Seriously, that is the only appropriate short response to Abie's Irish Rose. As Pauline Kael said in her review of Song of Norway, the script brings back cliches you never even knew you knew.
Dion Boucicault managed to squeeze every last ounce of shamrock juice out of various "Stage Oirish" Paddy stereotypes in the 19th century. Nonetheless Anne Nichols manages to take it one step further by combining the Irish stereotypes with Jewish stereotypes. This script is clearly the evolutionary progenitor of a host of second-rate TV sitcoms.
A personal linkage the piece engendered:
I cannot understand how this tripe became the longest-running play in Broadway history. Then again, I don't know how the 2002 rom-com My Big Fat Greek Wedding ended up becoming (when compared to its budget) the most profitable Hollywood movie of all time either. Gentle stereotypes are presumably both flattering and a sort of frisson to a melting pot audience, I suppose.

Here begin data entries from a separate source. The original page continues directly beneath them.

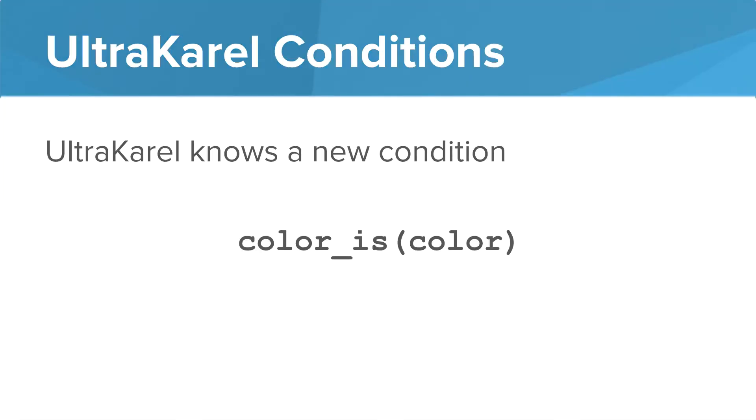Karel knows a new condition, and that condition is color_is. And this one also takes a parameter. Using the condition, we can actually ask a question saying, what color are you standing on? We can say color is red, yes or no. Color is blue, yes or no. Doing this, we can actually have UltraKarel do different things depending on what color Karel is standing on.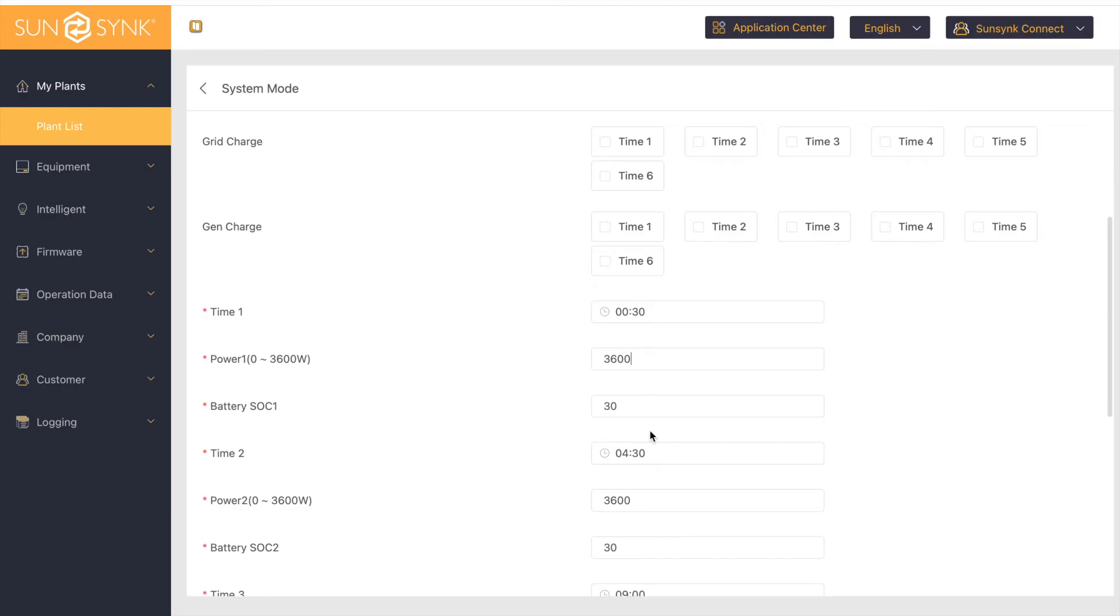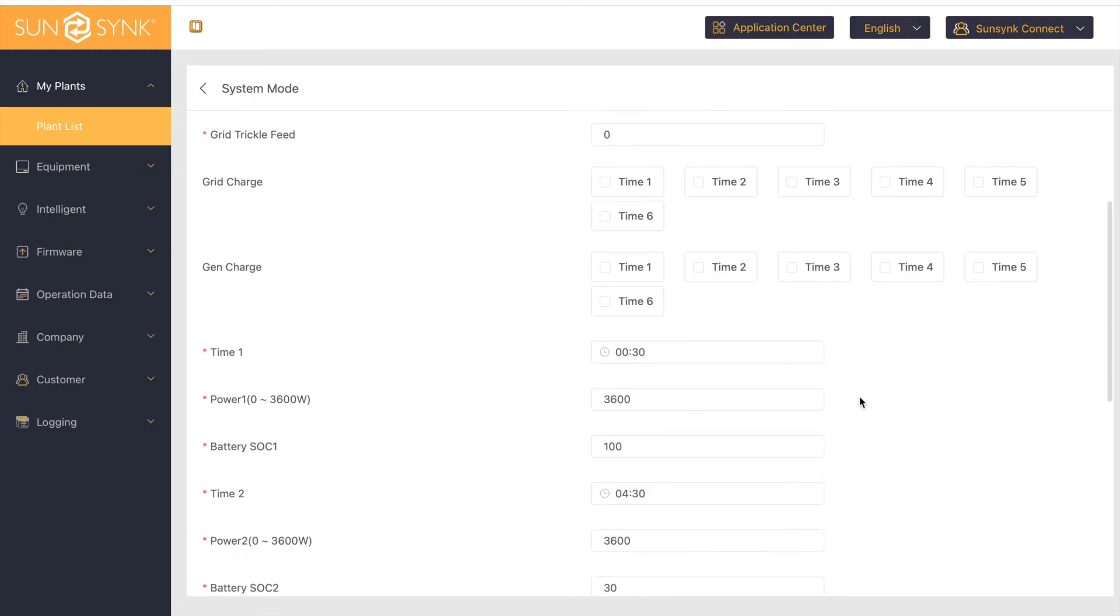half past midnight until it reaches 4:30, which is the next timer time 2. So I want to charge my battery until it reaches 100% state of charge or until it reaches the next timer, which is 4:30 a.m.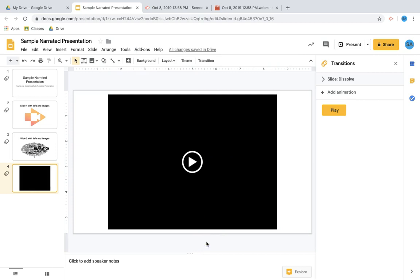Alright, that's it. That's your how-to on how to use Screencastify to create a narrated slides presentation and then how to share that presentation out. Good luck!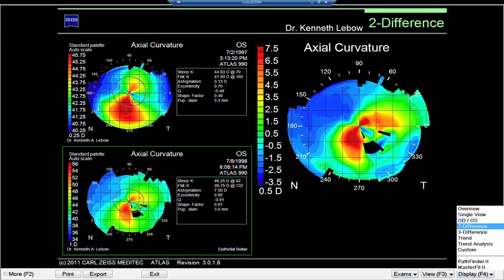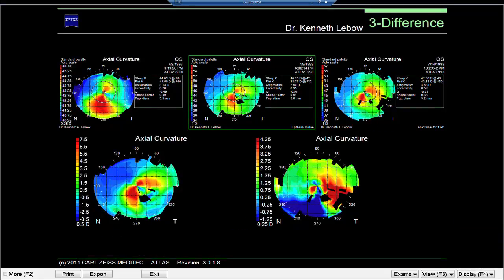I put this individual on Muro Drops to try and eliminate the corneal swelling. Looking at the change over time in the three-difference map: the original image, then the image with swelling showing steepening and flattening just like keratoconus would, then a week later with the patient using hypertonic saline to pull out fluid and reduce swelling — and we're still getting steepening. So I'm starting to think more and more that this individual has keratoconus.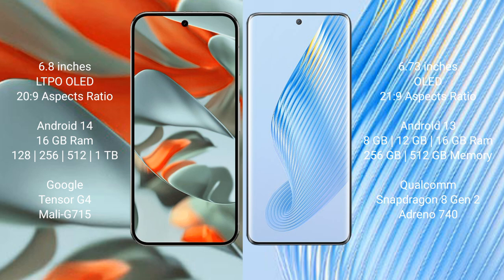It has a Google Tensor G4 processor and Mali-G715 GPU. Honor Magic 5 comes with 8 GB to 12 GB or 16 GB RAM and 256 GB or 512 GB internal storage. It has a Qualcomm Snapdragon 8 Gen 2 processor and Adreno 740 GPU.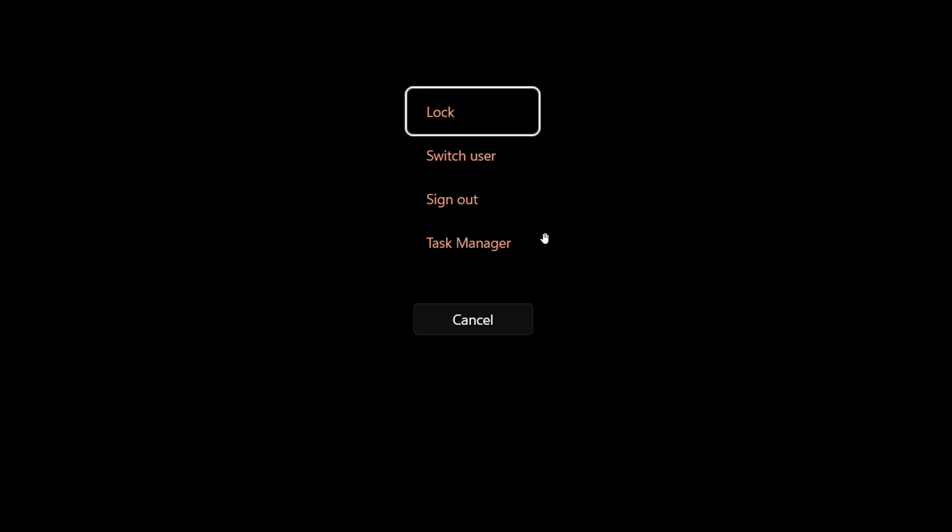Currently in stable, these are all white like the Cancel button. So even if your accent color is set to red or blue or whatever, this would always be white. But we can see now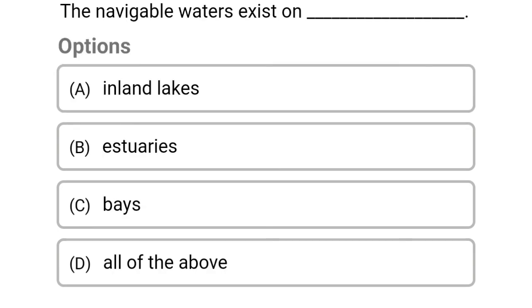The navigable water exists on: Option A: Inland lakes. Option B: Estuaries. Option C: Bays. Option D: All of the above. The correct answer is Option D, all of the above.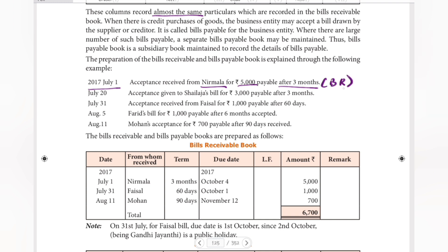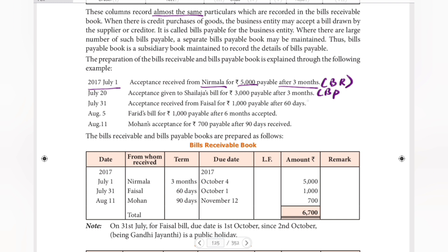So this entry goes in the bills receivable. If acceptance is given, it is bills payable; if acceptance is received, it is bills receivable. Next, Farad's bill for Rs. 1,000 payable after 6 months is accepted — that also goes in the bills receivable.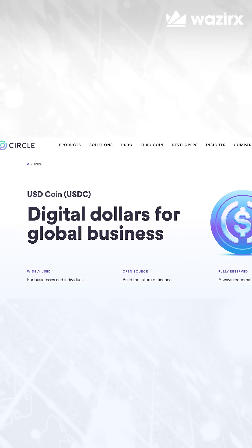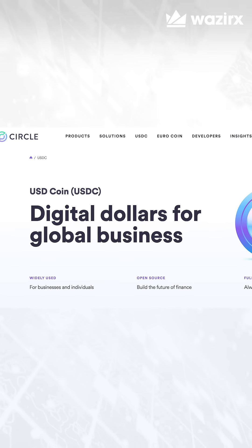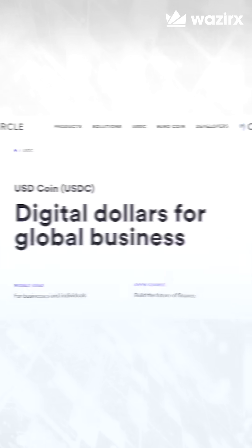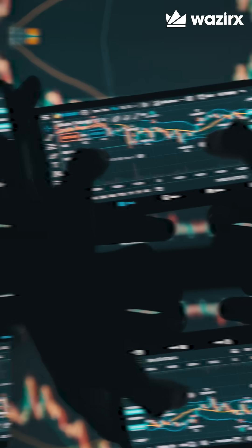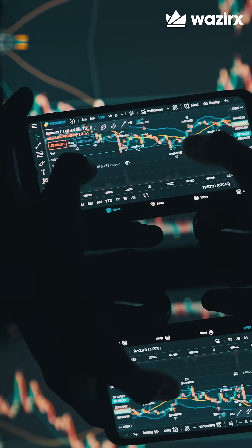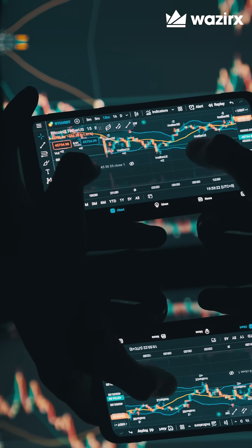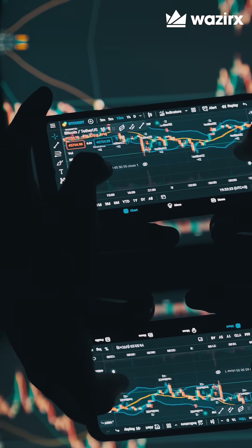USDC was introduced by blockchain payment infrastructure company Circle and crypto exchange Coinbase because they wanted users to have a more friendly and secure way of accessing crypto, and also wanted to drive the mass adoption of crypto.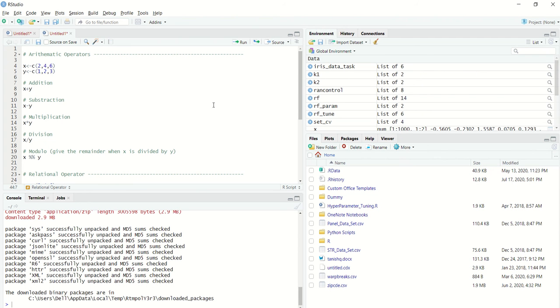Hi guys, welcome to the video. In this video we will talk about different operators in R. Basically we will start with the arithmetic operator and then we will follow it up with the relational operator.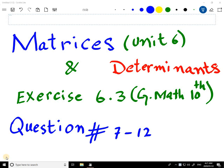Hey YouTube, welcome to the Imran Academy. I am discussing with you matrices and determinants, unit 6 of book General Mathematics of class 10, chapter 6, unit 6 and exercise 6.3. Today I will discuss question number 7 to 12. Let's start.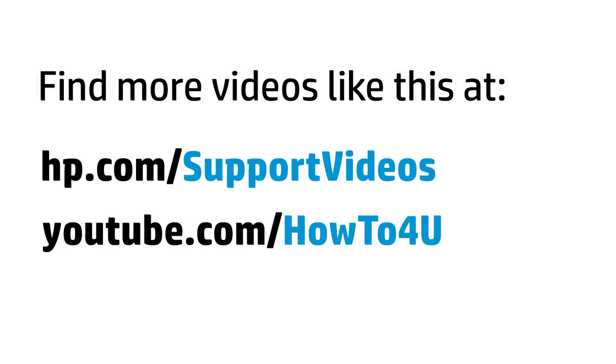You can find additional helpful videos at hp.com/support videos and on our YouTube channel, youtube.com/howto for you.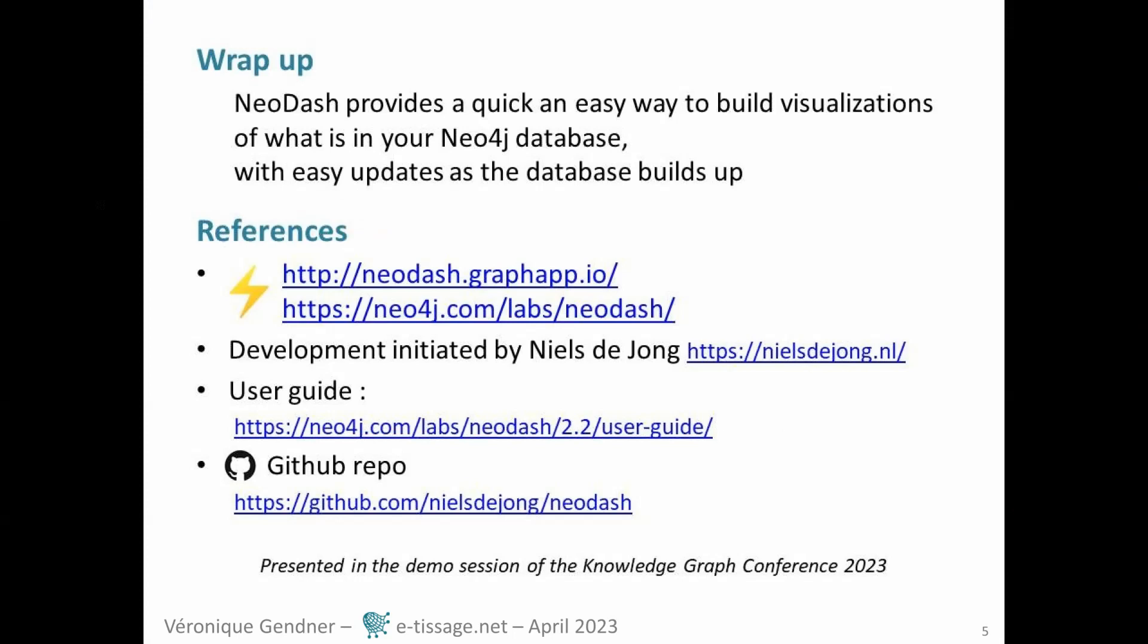We've seen that NeoDash provides a quick and easy way to build visualizations of what is in a Neo4j database, with easy updates as the database builds up. Here are useful references, thank you for your attention.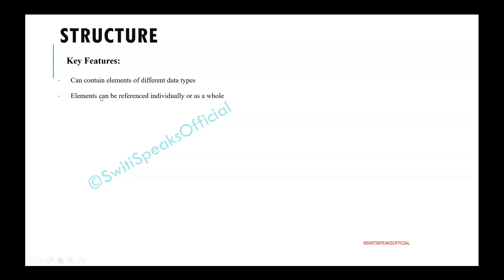The second feature is that elements of the structure can be referenced either individually or as a whole structure.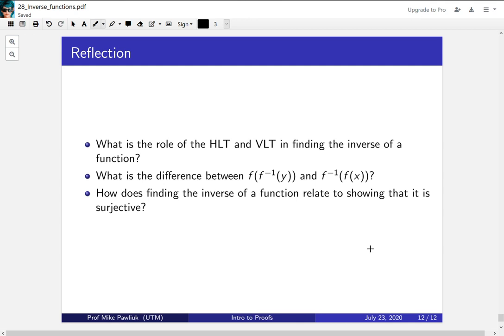How does finding the inverse of a function relate to showing that it is surjective? Thank you very much, and have a great day.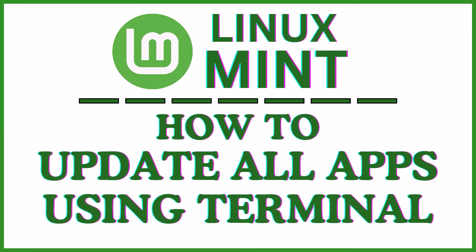This is going to be a video tutorial on how to update all of your apps at once using the terminal in Linux Mint.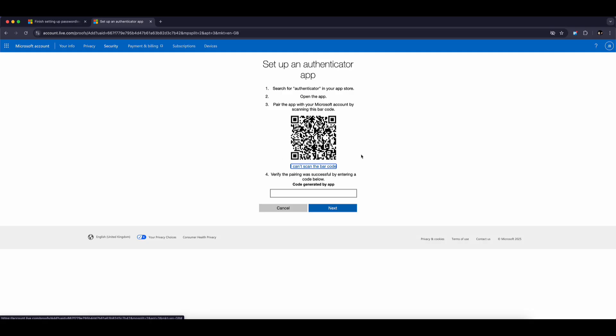Now grab your new phone, open the Microsoft Authenticator app, and tap on the QR code icon in the bottom right corner. Use your camera to scan the code displayed on your computer screen.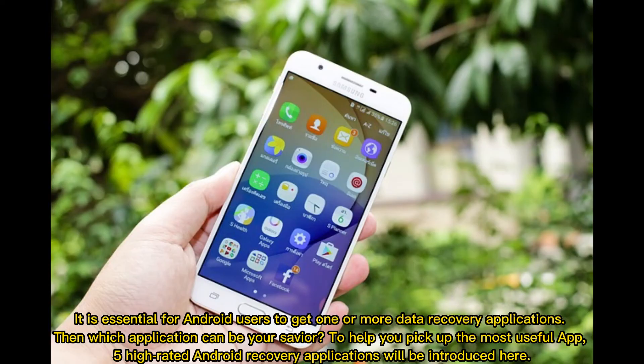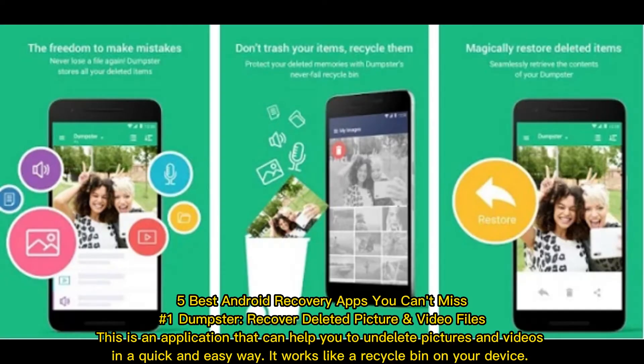It is essential for Android users to get one or more data recovery applications. To help you pick the most useful app, five high-rated Android recovery applications will be introduced here.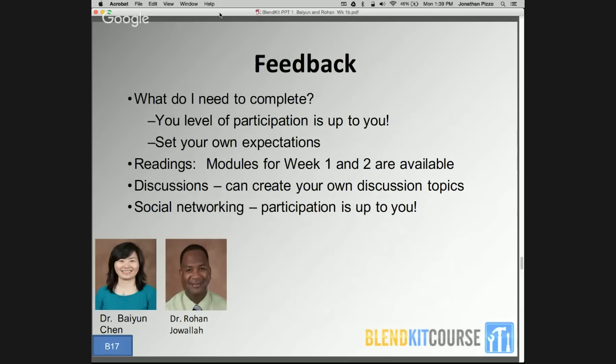The next slide talks about the emails and tweets we have seen throughout the week. Some of you asked what you need to do to complete the course. Remember, the level of participation is really up to you — you have to set your own expectations. As far as readings go, we have Modules for Weeks 1 and 2 available. In the discussion area, we've got some great community going on — please feel free to post and also create your own discussion topic. Regarding social networking, participation is up to you. Some participants are using blogs, wikis, and Twitter accounts, and some are not as active in those platforms — that is okay too.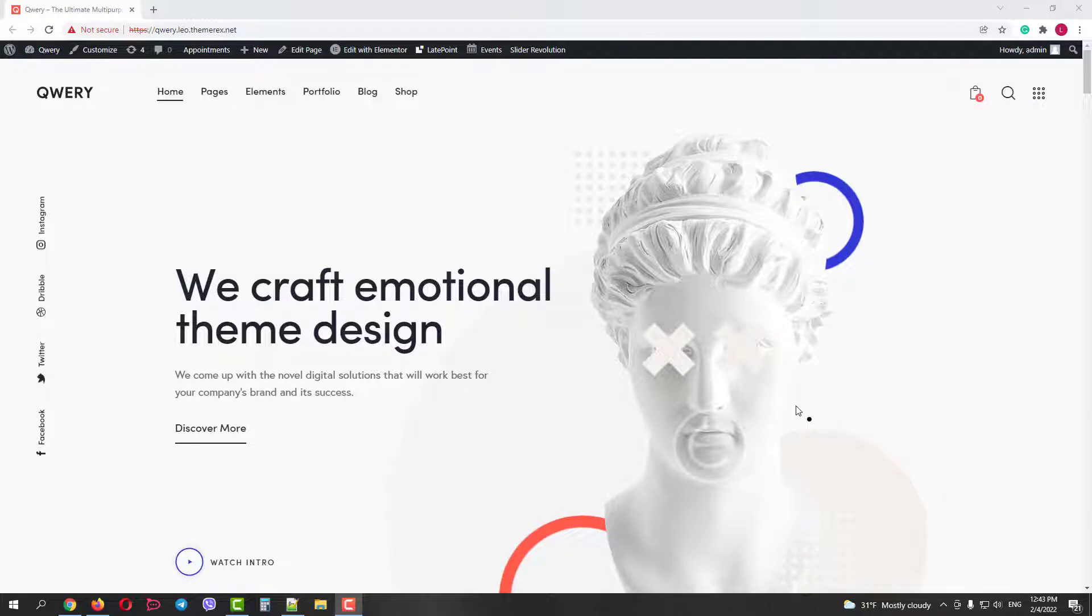Greetings from ThemeRack's team. Today we will talk about content restriction, password protection, and setting up different user access levels. We will use Query theme as an example.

Any questions or random thoughts provoked:
What is the overall literary connection between the Irishman and the Jew? Surely a piece of ephemeral pop-culture schlock like Abie's Irish Rose cannot be influenced by Joyce's Ulysses, but in that case what prompts the insistent connection between Irish and Jewish ethnic populations? This would not seem so weird or random to me if it were not that, while considering the text of Abie's Irish Rose, I noticed that not only is it widely touted as the longest-running play in Broaway history -- but that it also opened on Broadway in May of 1922. This is the same year when Joyce's Ulysses was published, but it strikes me that a question of outright literary influence would be impossible. But in that case it's worth asking: was the linkage of Irish and Jewish identity (or stereotype) just a result of urbanization? Also: is Ira Levin's Rosemary's Baby a kind of perverse rewrite of this script, tapping into the scarier elements of ethnic stereotyping and intermarriage?
Part II: Structural Analysis
1. How many plots are there? Identify each by citing the main conflicting forces in each
specified as:
Abie's father (Solomon) / Judaism vs. _Rosemary's father (Patrick) / Catholicism
There really only is a single plot here -- Abie and Rosemary get married in secret, then have to figure out a way to break it to Abe's stereotype Jew father and Rosemary's stereotype Mick father, the first accompanied by a Rabbi and the second accompanied by a Catholic Priest. Hilarity ensues.